За молитвой он (Шарль де Кондрен. – Авт.) не замыкался в пределах собственных знания и мышления. Он глубоко чтил Бога и Его тайны, каковы они есть, а не такими, какими они представали взору.
«Бог Сам по Себе», «Бог и Его тайны, каковы они есть» – в этих фразах, согласитесь, есть что-то кантовское. Но если Кант был прав, когда говорил о непознаваемости вещи в себе, то получается, что Бургоэн, де Кондрен и другие знатоки духовной жизни предавались несбыточным мечтам. Однако мысль Канта верна только по отношению к непросветленному и неосвобожденному разуму. Такому разуму любая Реальность – материальная, психическая или духовная – представляется в той форме, в какую ее преломила и окрасила индивидуальная природа. Но для того, кто чист сердцем и нищ духом, не существует искаженной Реальности, поскольку в данном случае уже нет отдельного «Я», заслоняющего или преломляющего Реальность, нет раскрашенных ширм от интеллектуальных верований и освященных плодов воображения, придающих личностную и историческую окраску «белому сиянию Вечности». Ибо, как говорит Олье, для такого разума «даже святые, дева Мария и Иисус Христос в Его человеческом облике являются помехой, не дающей разглядеть Бога непосредственно». Вещь в себе познаваема для того, кто сам является не-вещью.

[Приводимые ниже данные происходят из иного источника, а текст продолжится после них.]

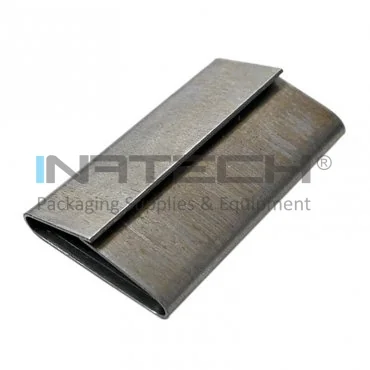 Cleme Pentru Legare Banda Metalica Lucioasa Latime 19 mm, Utilizare Manuala, Material Metal, Buc / Pachet 2500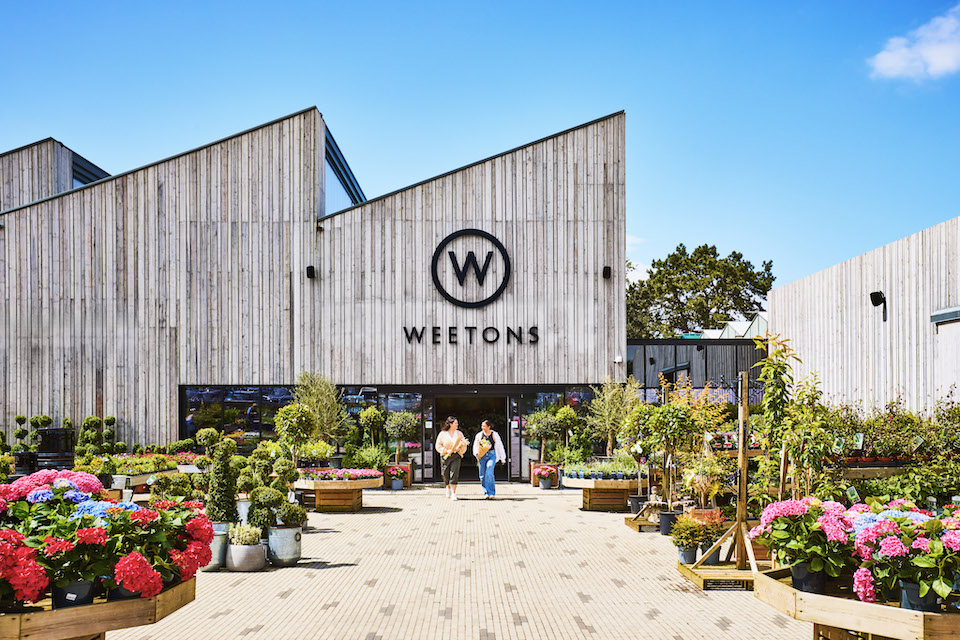 Weetons Food Hall exterior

Под молитвой я понимаю не прошение или просьбу, которые, в соответствии с доктринами различных школ, суть прежде всего плоды понимания, обозначающие индивидуальные потребности. Нет, молитва предназначена для того, чтобы принести и отдать Богу то, что Он вправе потребовать от нас.
В целом молитве можно дать следующее общее определение: это вознесение разума к Богу. Возможно еще более широкое и выразительное определение: молитва есть движение мыслящей души по направлению к Богу, выражающее или, по крайней мере, подразумевающее всю зависимость от Него как от создателя и источника всякого блага; она выражает стремление и готовность воздать Ему должное, то есть всю любовь, все послушание, почитание и поклонение при смирении и уничтожении «Я» и всех живых созданий в Его присутствии. Наконец, молитву можно определить как желание и намерение вознестись до духовного единения с Ним.
Отсюда следует, что молитва – это самое совершенное и самое божественное действие, на которое только способна мыслящая душа. Она необходима и неотъемлема, в ней заключается наш долг.